The air conditioning condensate drain clogged earlier this week, and it may have been dripping water inside the air handler for several days. I only noticed it once it started spilling out onto the utility room floor. So we shut the damned thing off until Monday, which is as soon as the HVAC guys can get out here to poke at it.
Oh, and it’s been hot. 2003 was hotter here, but 2011 is right up there. My internal thermionic detector was detecting some thermic excess, so midafternoon yesterday I went downstairs to my shop, where it’s 5 degrees cooler. After spinning the dials to make sure nobody was having any fun on 10 meters that I wasn’t having, I sat at the bench and looked around. Something, somewhere had to need fixing.
Oh. Yes, of course. Back in 2008 I built a 1-tube FM BCB receiver pretty much on a lark, from the Popular Electronics article in which GE introduced the Compactron tube. The article, “Introducing the Compactron,” by Phil Hatfield W9GFS, talked about some of the challenges of stuffing as many active elements into a 12-pin bottle as could be done. This was the last gasp of the vacuum tube, but GE gave it a good shot, and in August 1961 having as many as four active devices in one envelope was still pretty hot.

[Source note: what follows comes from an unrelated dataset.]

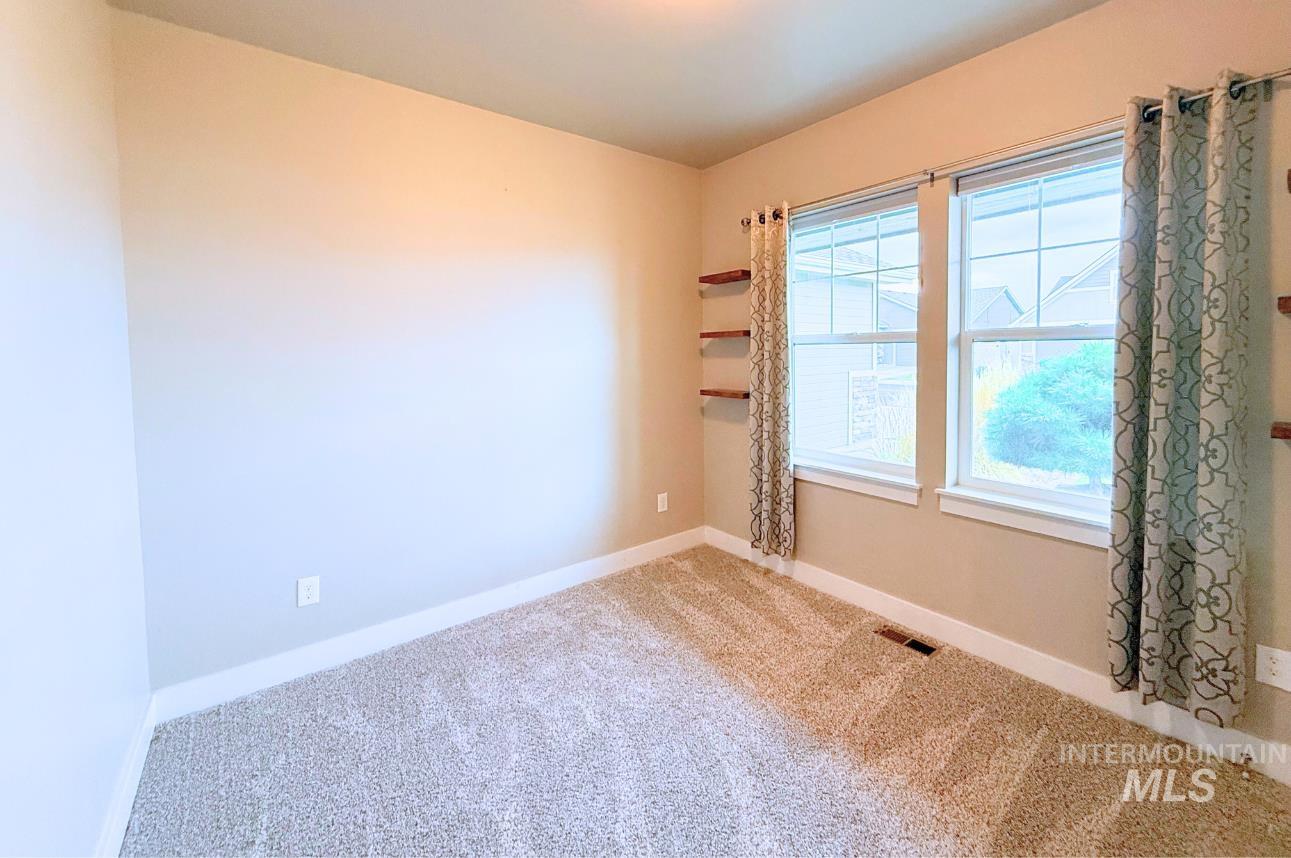 905 Birchton Loop Twin Falls, ID 83301 - Photo 17 of 38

50 years ago…just about now. The example circuit was an FM BCB receiver using a single 6D10 triple triode tube. I had all the parts (even the tube) lying around, so on a whim I built it.
It worked, but it had several defects. One was touchy tuning due to hand capacitance. This is always a problem when both sides of the tuning cap are above RF ground. Another problem was that the tuning range was too wide (about 65 MHz – 120 MHz) and the entire FM band was crammed into about 20 degrees of rotation of the shaft. The last problem was that the regeneration control was just, well, nuts.
The first problem was beyond help; 50 years ago we just lived with hand capacitance. I tried to fix the second problem in 2008 but didn’t improve matters much. I’d painted myself into a corner with the physical arrangement of the tuning coil, and couldn’t easily swap it out. The third problem was still undiagnosed when I set the radio aside to do other things.
So I pulled it down off the shelf, patched it into my bench supply, and powered it up. Still worked; regeneration still nuts. I spun it, listened, spun it some more, and listened some more. (Why do I hear that song with “She wears short-shorts; I wear T-shirts…” every damned time I turn on the radio?) Regeneration was erratic, happening at different points on the pot, and sometimes didn’t happen at all. Alas, I was overanalyzing the operation of the superregenerative detector, thinking maybe I was driving the detector too far in one direction or another. Occam hit me in the head with a frying pan about then: The regeneration pot was bad.
Duhh. The wiper was making only marginal contact with the resistive element. Not sure why. Don’t care that much. Fished a new 50K pot out of the drawer, soldered it in, and wham! Regeneration worked as it should.
Having fixed one out of the three problems, I was on a roll, and being on a roll…I started to build another radio. John Baumann KB7NRN has a design for a similar detector with a grounded rotor. I’ve been intending to build it since, well, 2008, and had most of the parts set aside in a milk jug. So with the upstairs mostly uninhabitable until Monday, I got to work downstairs last night, and have gotten pretty far along on the RF portion of the circuit.
This is only a lashup; once I get the circuit working as I want, I’m going to build another instance on a conventional chassis with its own power supply. It’s going to take a few more evenings to get to the smoke-test stage, but I’ll let you know the rest of it comes along.